-------- Supplied information

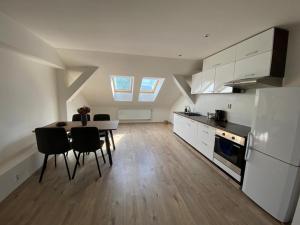 Kuchyň nebo kuchyňský kout v ubytování Černý Tulipán - Apartmán 5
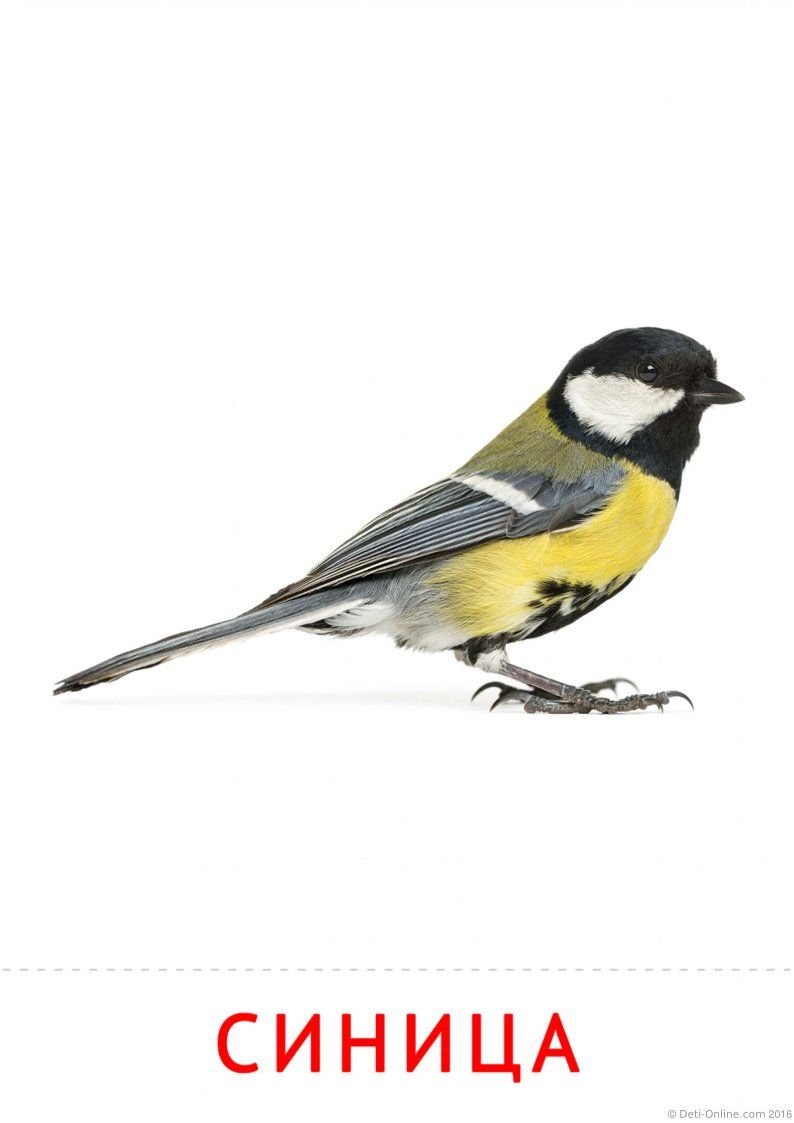 Карточка птицы синица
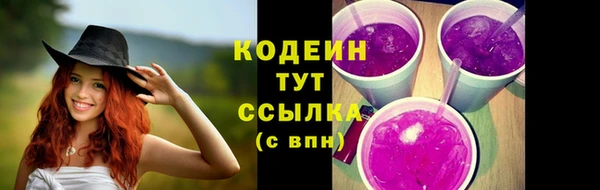 таблы Богородицк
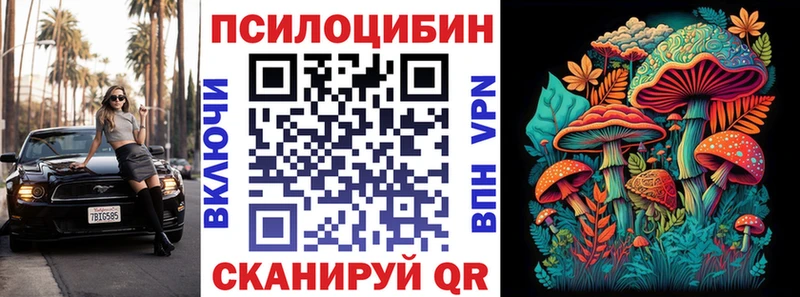 Галлюциногенные грибы мицелий  MEGA как войти  Дальнегорск  как найти закладки 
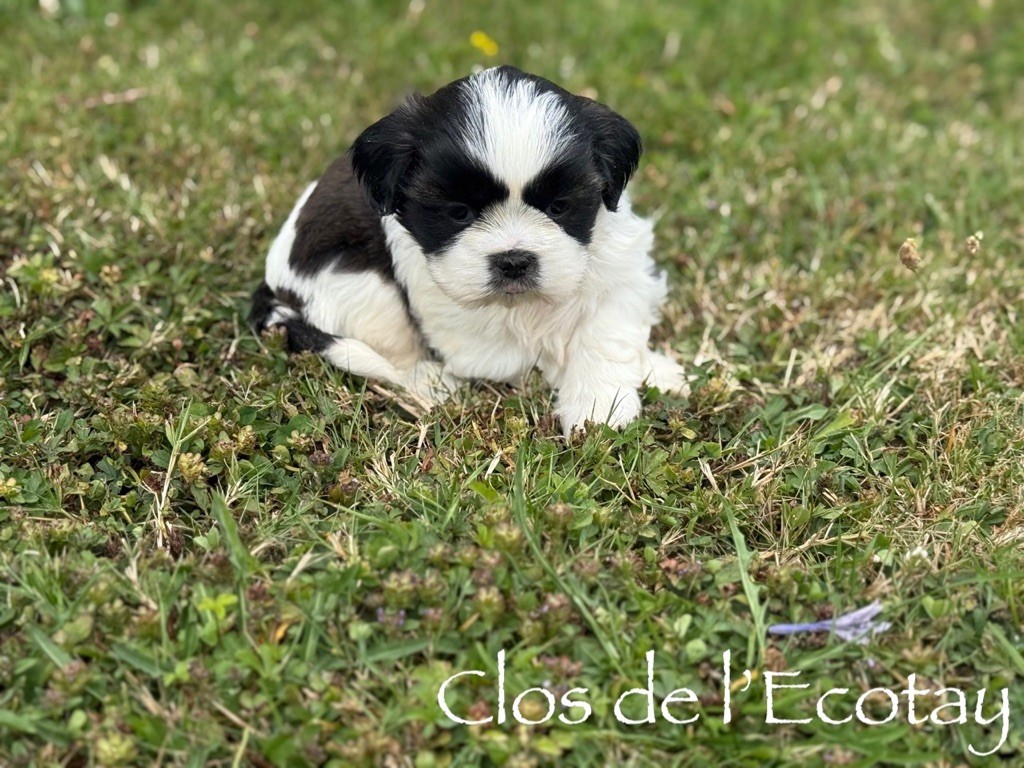 Du Clos De L'Ecotay - Chiots disponibles - Shih Tzu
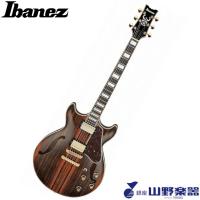 Ibanez ホロウボディ AM93ME / NT | 山野楽器 楽器専門Yahoo!ショップ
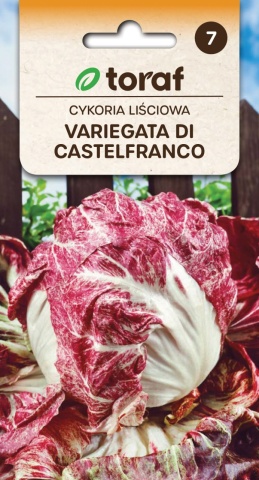 Variegata di Castelfranco (5 gr) seminte salata cicoare, capatani cu frunze bej cu maro-stacojiu, Toraf - Img 3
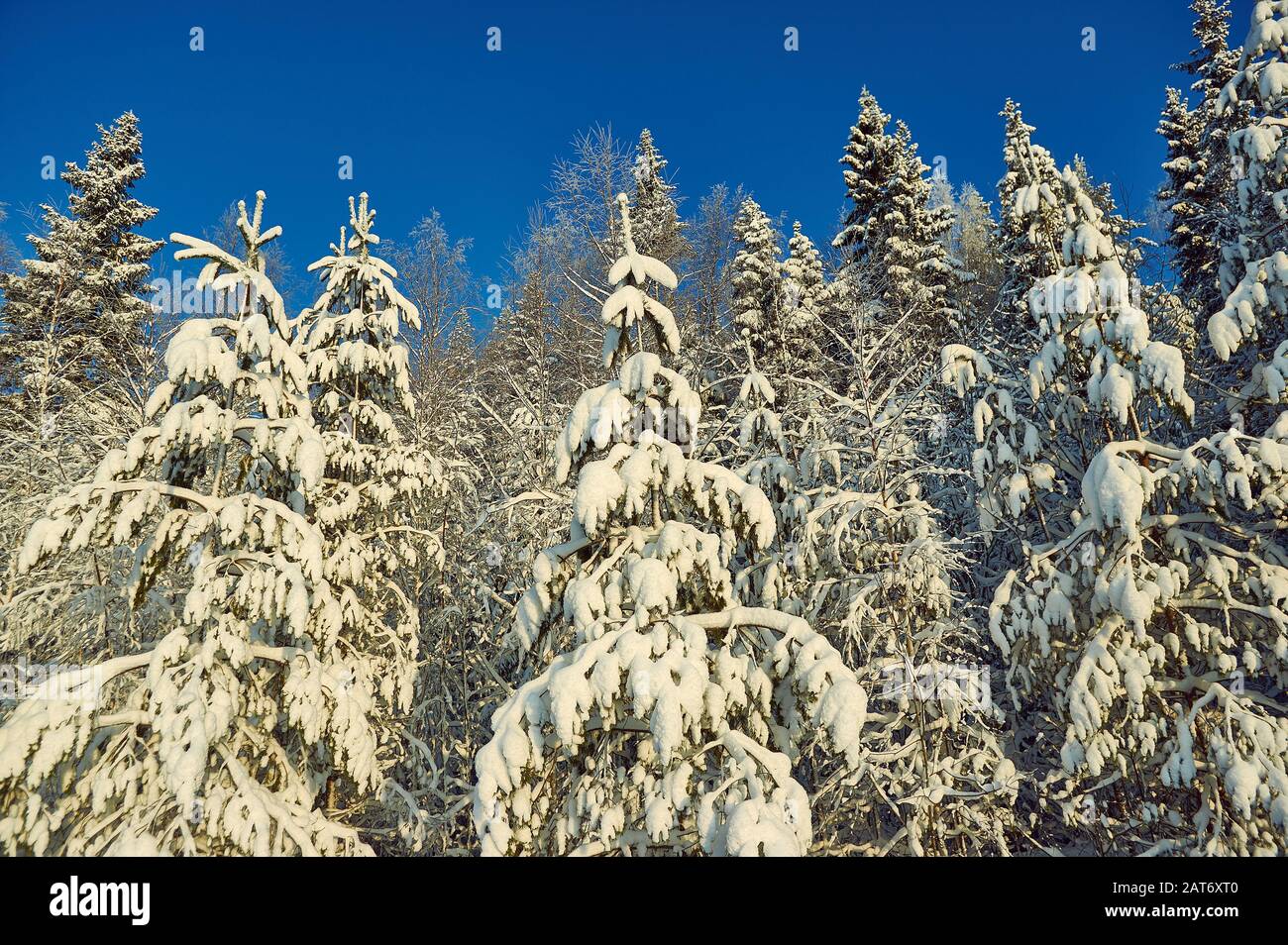 Beautiful winter landscape, snowy forest taiga, open space Stock Photo ...
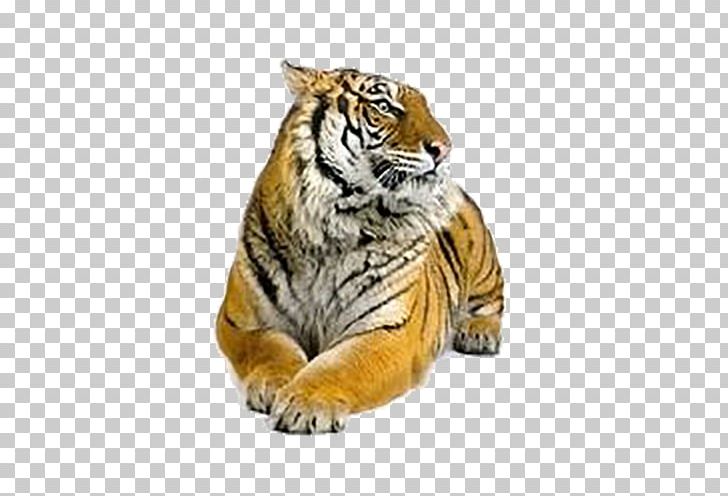 Siberian Tiger Felidae Bengal Tiger PNG, Clipart, Animals, Big Cats, Carnivoran, Cat Like Mammal, Depositphotos Free PNG Download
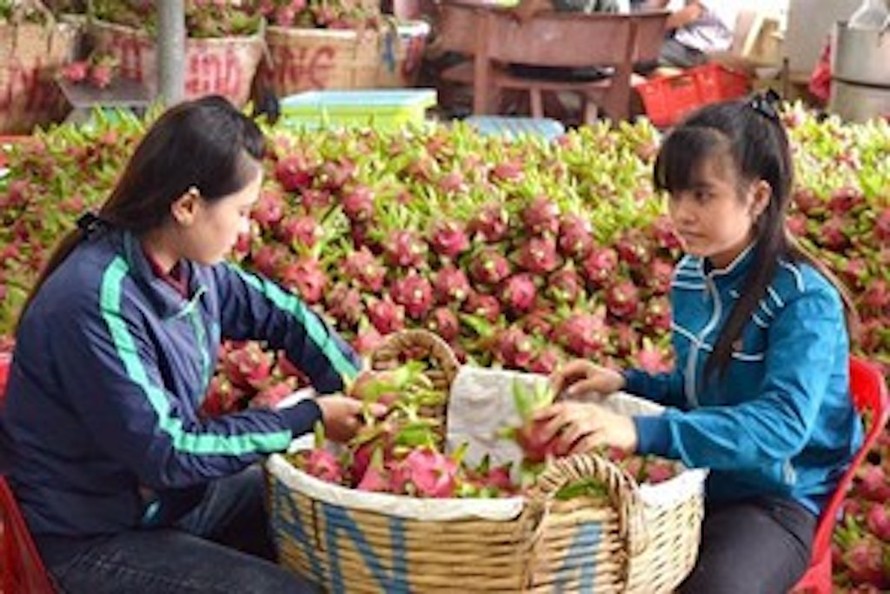 Thanh long, dưa hấu tăng giá trở lại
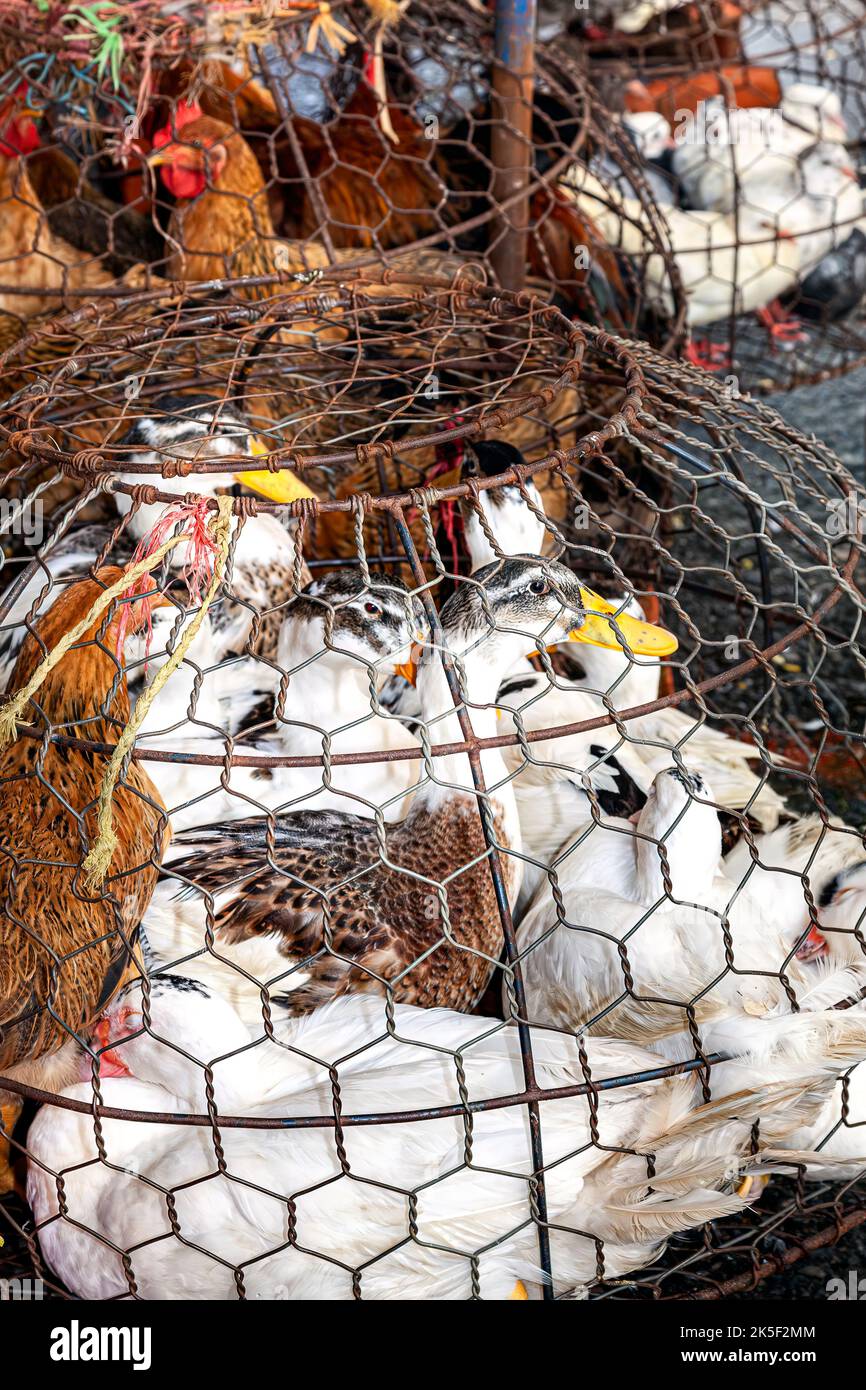 Hühner und Enten zum Verkauf auf dem Straßenmarkt, Hai Phong, Vietnam Stockfoto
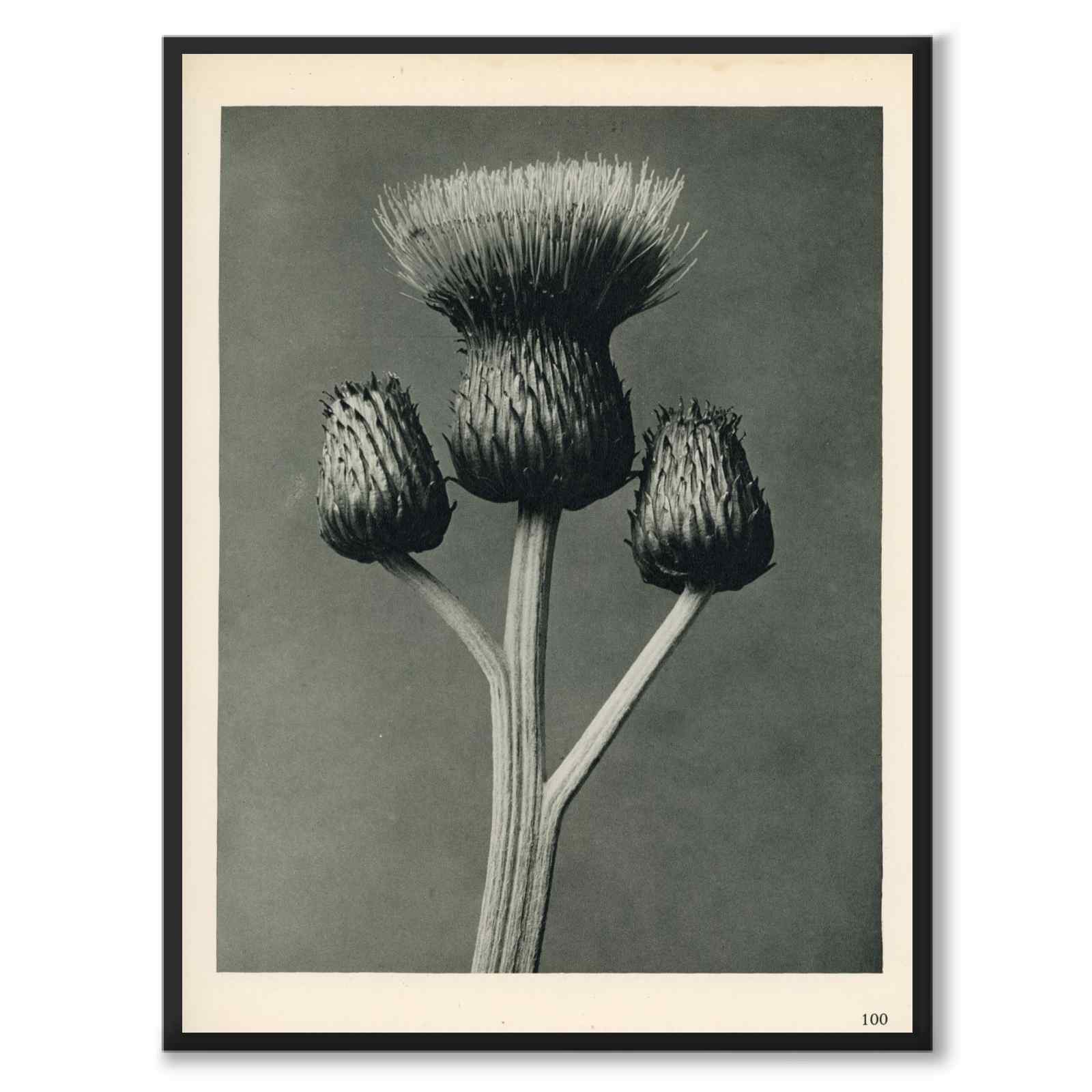 Blossfeldt as a vintage illustration and poster from Historly – full image without white border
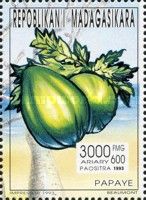 Papaya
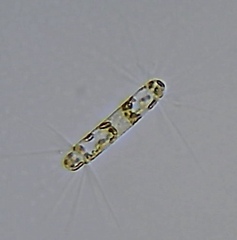 Corethron hystrix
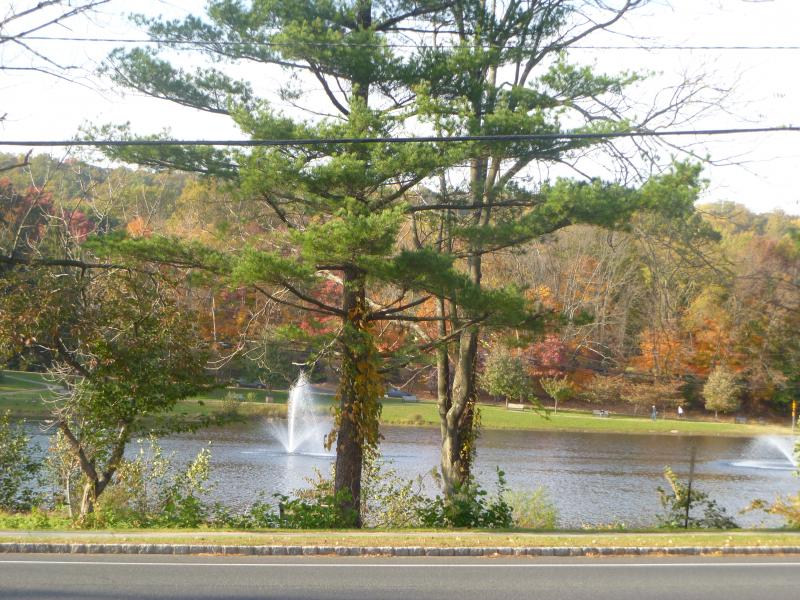 Viewing Image 2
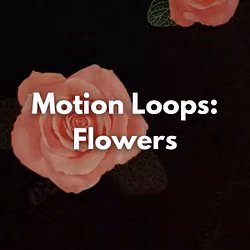 Motion Loops: Flowers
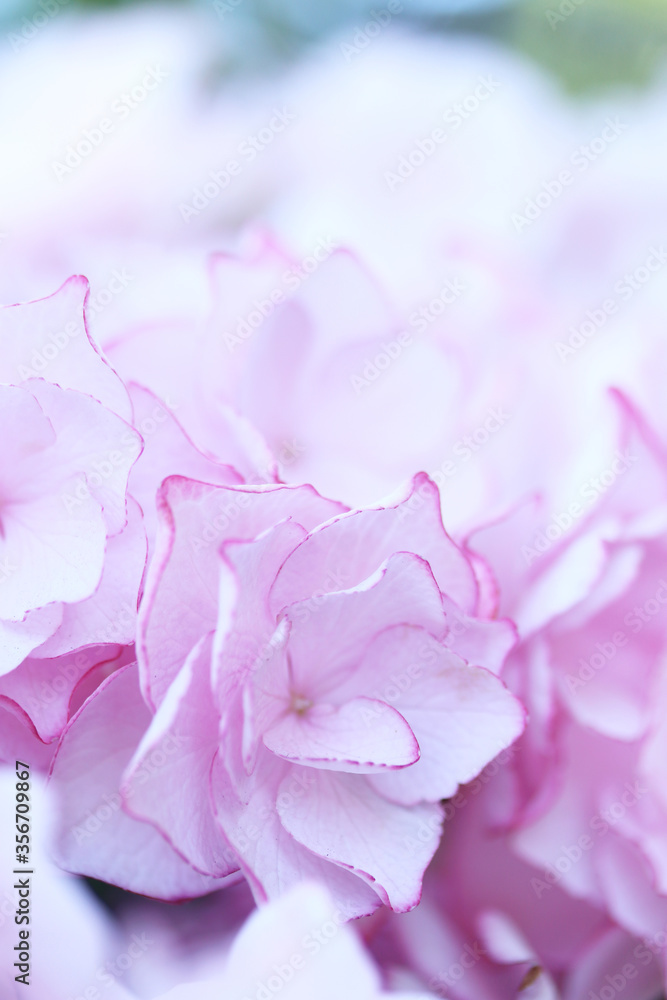 白にピンクの縁取りの八重咲きの紫陽花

----------------

> **Exercise aim**: Copy the entries above faithfully and omit every image.

> **Response box**:
 Kuchyň nebo kuchyňský kout v ubytování Černý Tulipán - Apartmán 5
 Карточка птицы синица
 таблы Богородицк
 Галлюциногенные грибы мицелий  MEGA как войти  Дальнегорск  как найти закладки 
 Du Clos De L'Ecotay - Chiots disponibles - Shih Tzu
 Ibanez ホロウボディ AM93ME / NT | 山野楽器 楽器専門Yahoo!ショップ
 Variegata di Castelfranco (5 gr) seminte salata cicoare, capatani cu frunze bej cu maro-stacojiu, Toraf - Img 3
 Beautiful winter landscape, snowy forest taiga, open space Stock Photo ...
 Siberian Tiger Felidae Bengal Tiger PNG, Clipart, Animals, Big Cats, Carnivoran, Cat Like Mammal, Depositphotos Free PNG Download
 Thanh long, dưa hấu tăng giá trở lại
 Hühner und Enten zum Verkauf auf dem Straßenmarkt, Hai Phong, Vietnam Stockfoto
 Blossfeldt as a vintage illustration and poster from Historly – full image without white border
 Papaya
 Corethron hystrix
 Viewing Image 2
 Motion Loops: Flowers
 白にピンクの縁取りの八重咲きの紫陽花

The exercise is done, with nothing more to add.